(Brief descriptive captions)
==========

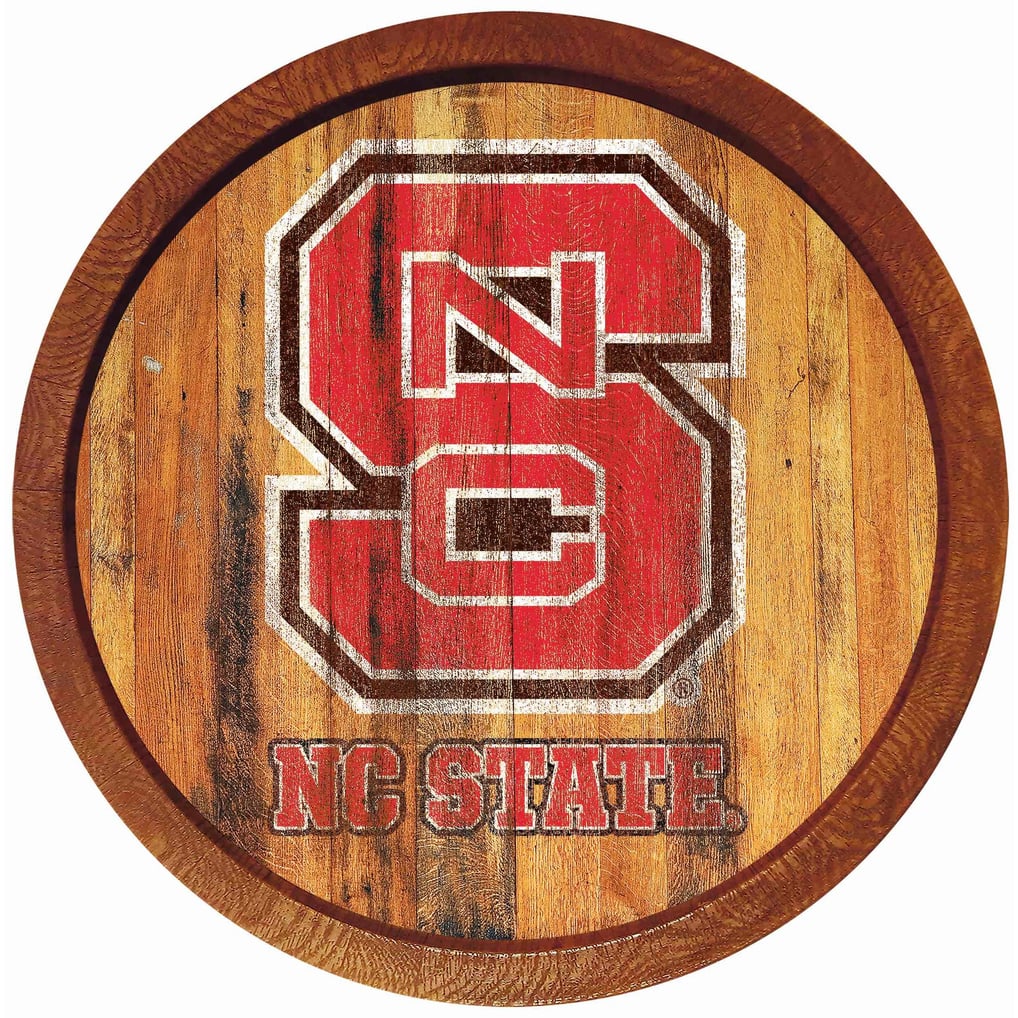 NC State Wolfpack 21'' x 21'' Weathered Faux Barrel Top Sign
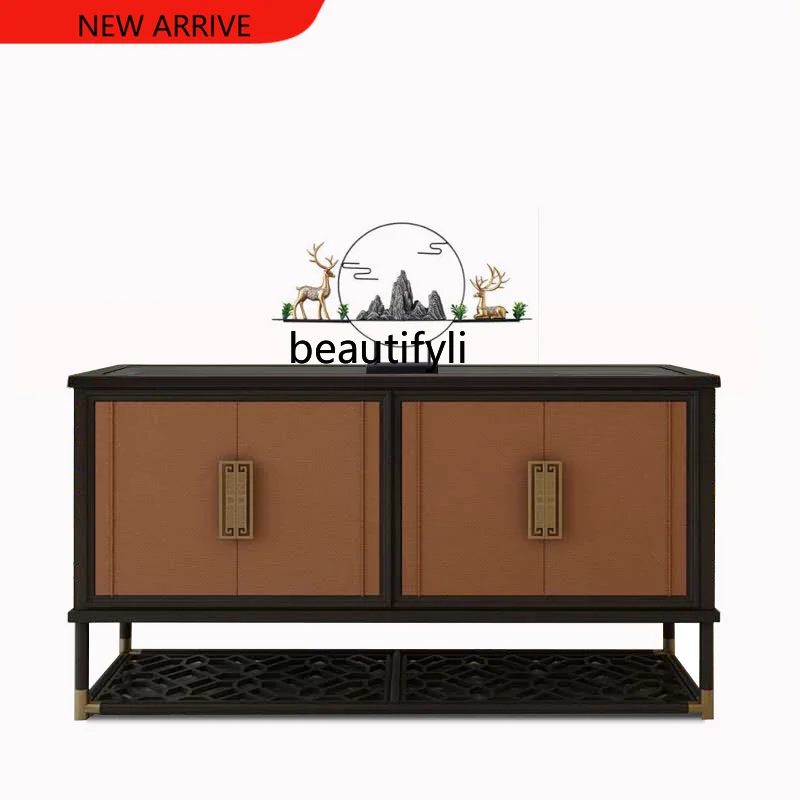 X New Chinese modern solid wood entrance table light luxury dining side cabinet partition locker decorative shoe cabinet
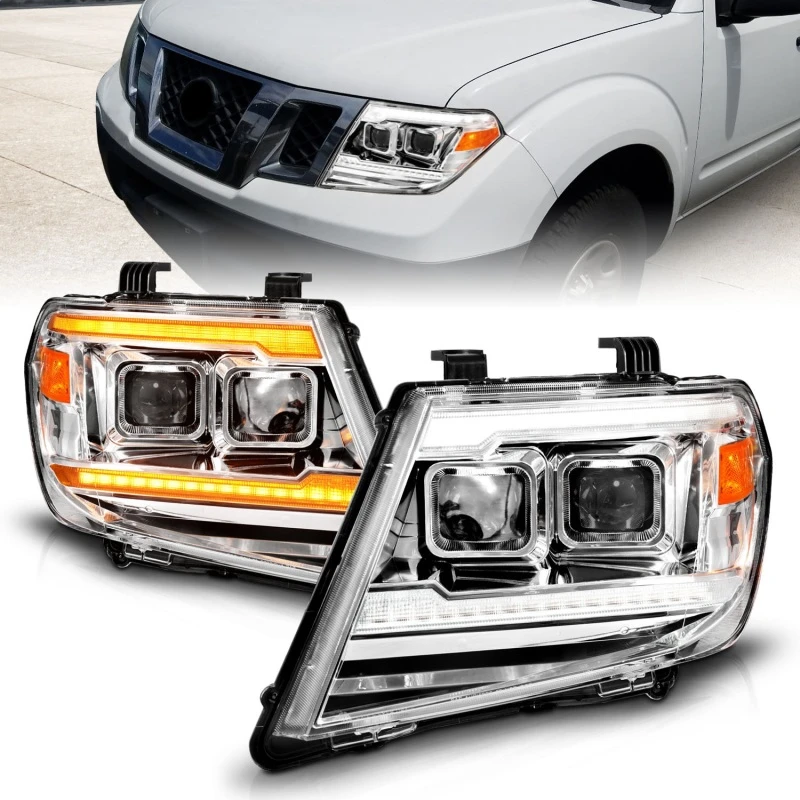ANZO 09-20 Nissan Frontier Chrom-Projector-Plankenstil DRL mit Switchback- und Sequenzieller LED-DRL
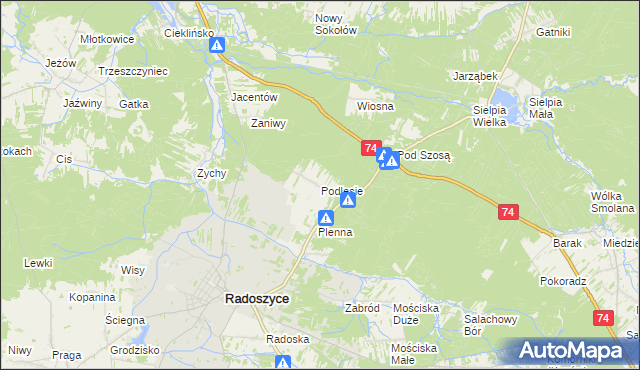 mapa Podlesie gmina Radoszyce, Podlesie gmina Radoszyce na mapie Targeo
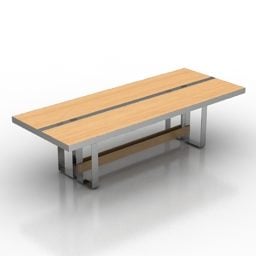 Wood Table Conference Design 3d model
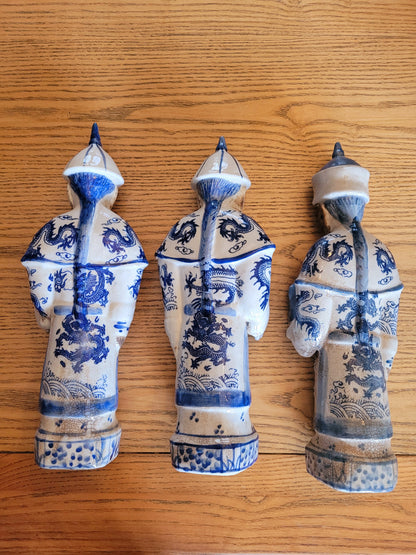 Ensemble de 3 statuettes chinoises de l'empereur Qing - ref 195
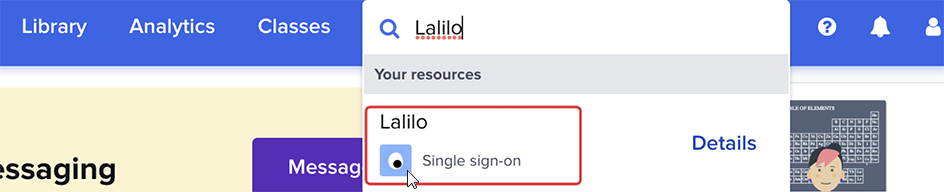The Clever menu bar, with 'lalilo' entered in the search field.
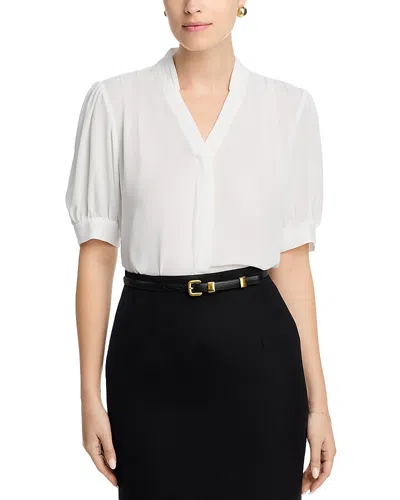 T Tahari Short Sleeve V-neck Top In White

==========

- Exercise
Extract, word for word, each line from the one that contains "Ensemble de 3" through the final line of the data above. Leave the pictures out.

- Problem solution
 Ensemble de 3 statuettes chinoises de l'empereur Qing - ref 195
The Clever menu bar, with 'lalilo' entered in the search field.
 T Tahari Short Sleeve V-neck Top In White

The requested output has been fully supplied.